Hancock, a candidate for Office 70, was advised to omit the title of “public defender” when she ran in November 2018. Instead she used “attorney-at-law” strategically to avoid the stereotype that public defenders are “not as well prepared, not as educated, and will throw open the doors of the jail to let everybody out.” Hancock argues that the experience she’s gained as a public defender is an advantage on the bench because she can see all sides of a story.
“I think in terms of the whole, you know, what’s going to happen? I think not just in terms of immediacy, right now. Door number one is county jail, door number two is state prison. I think in terms of what’s gonna happen after that, because that’s what makes a community safe … I protect the [people’s] rights because I can look at all sides, all perspectives. I look at people as people.”
Park, candidate for Judicial Office 118, agrees: “Public defenders, or plaintiff attorneys in civil cases, are working directly with people who have been impacted by our laws or who have had their rights violated, either in civil or criminal cases.” (Park is also a member of Ground Game LA, Knock LA’s parent organization).
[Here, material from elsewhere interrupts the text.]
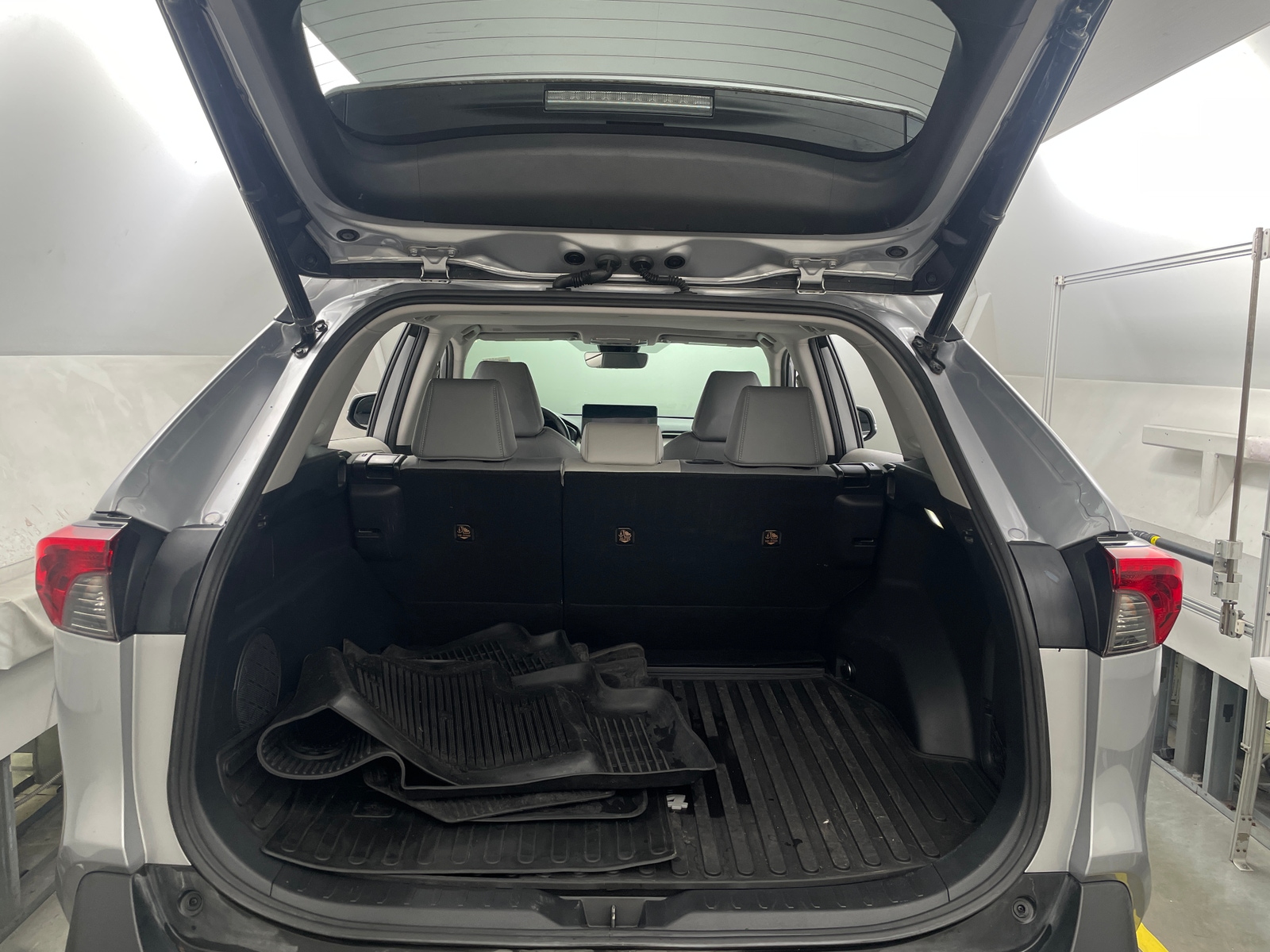 Thumbnail: 2023 Toyota RAV4 - 6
While not a public defender herself, Park comes from a career as an attorney at a public union — where she represented members in cases such as unfair termination and retaliation — and now has her own practice. “For those attorneys, it’s their job to hear the stories of the community, listen, and present those stories in a way that a judge or a jury can understand and then see that justice is called for in the situation.”
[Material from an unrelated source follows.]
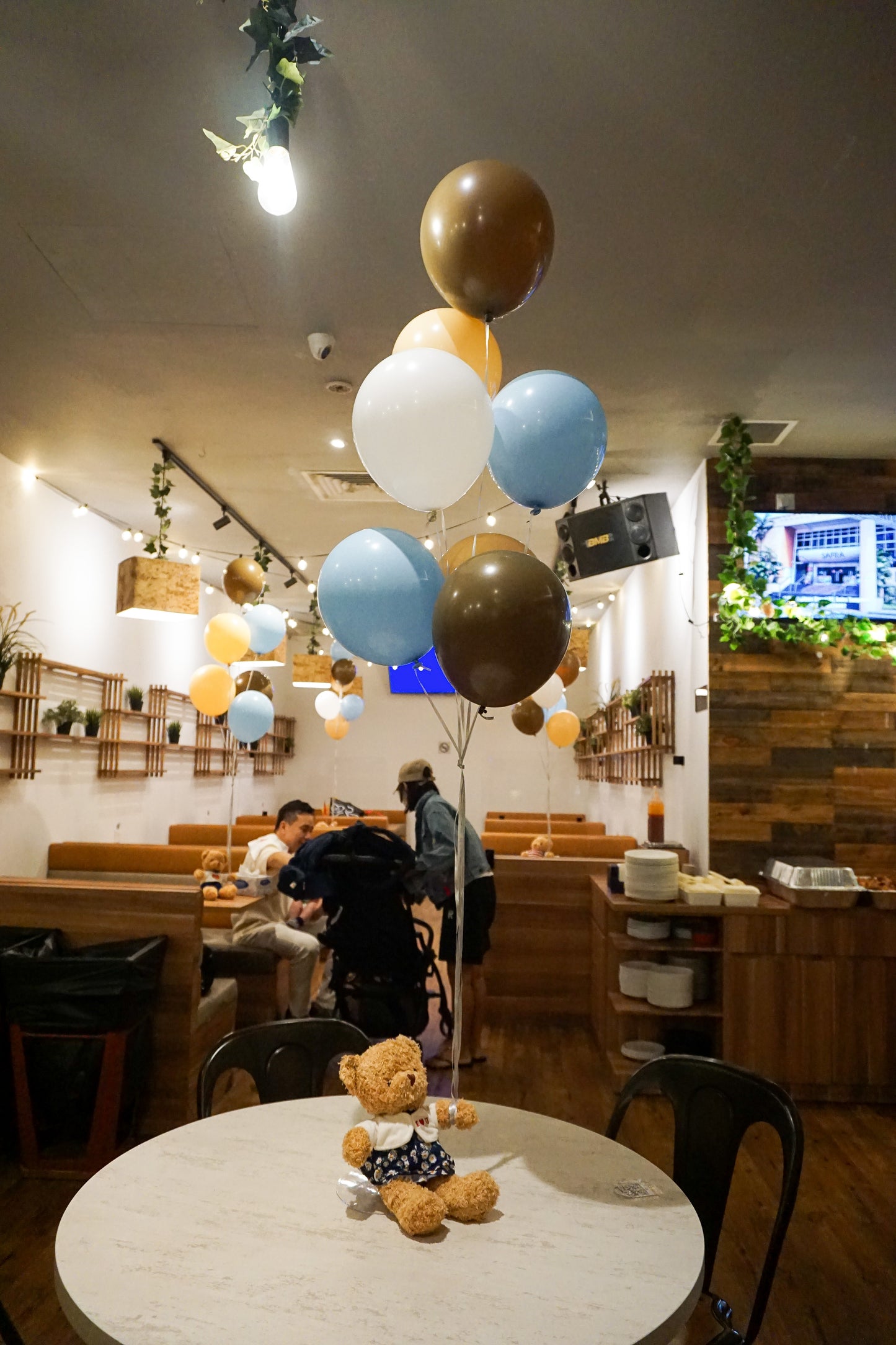 Teddy Bear Helium Balloons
The Los Angeles County Judiciary lacks diversity: white people make up only 26.1% of Los Angeles County’s population but 49.4% of its trial court judges. Hancock, who is Black, hopes to diversify the bench in terms of thought and perspective: “I believe that there has to be diversity on the bench. I’m coming from a perspective where I was a worker.” Hancock began her career as a public defender after years of working for the Association of Flight Attendants (AFA-CWA) representing workers’ grievances on health issues, maternity leave, and safety. “I know the people who come in front of the bench. I have a good idea of their stories.”
Although judicial candidates nominated by the governor of California must be vetted by the Commission on Judicial Nominees Evaluation before being appointed to office, the only requirements to run for a judicial election are that the candidate must have been an attorney admitted to practice law in the state, or must have served as a judge of a court of record in California for at least 10 years immediately preceding election or appointment.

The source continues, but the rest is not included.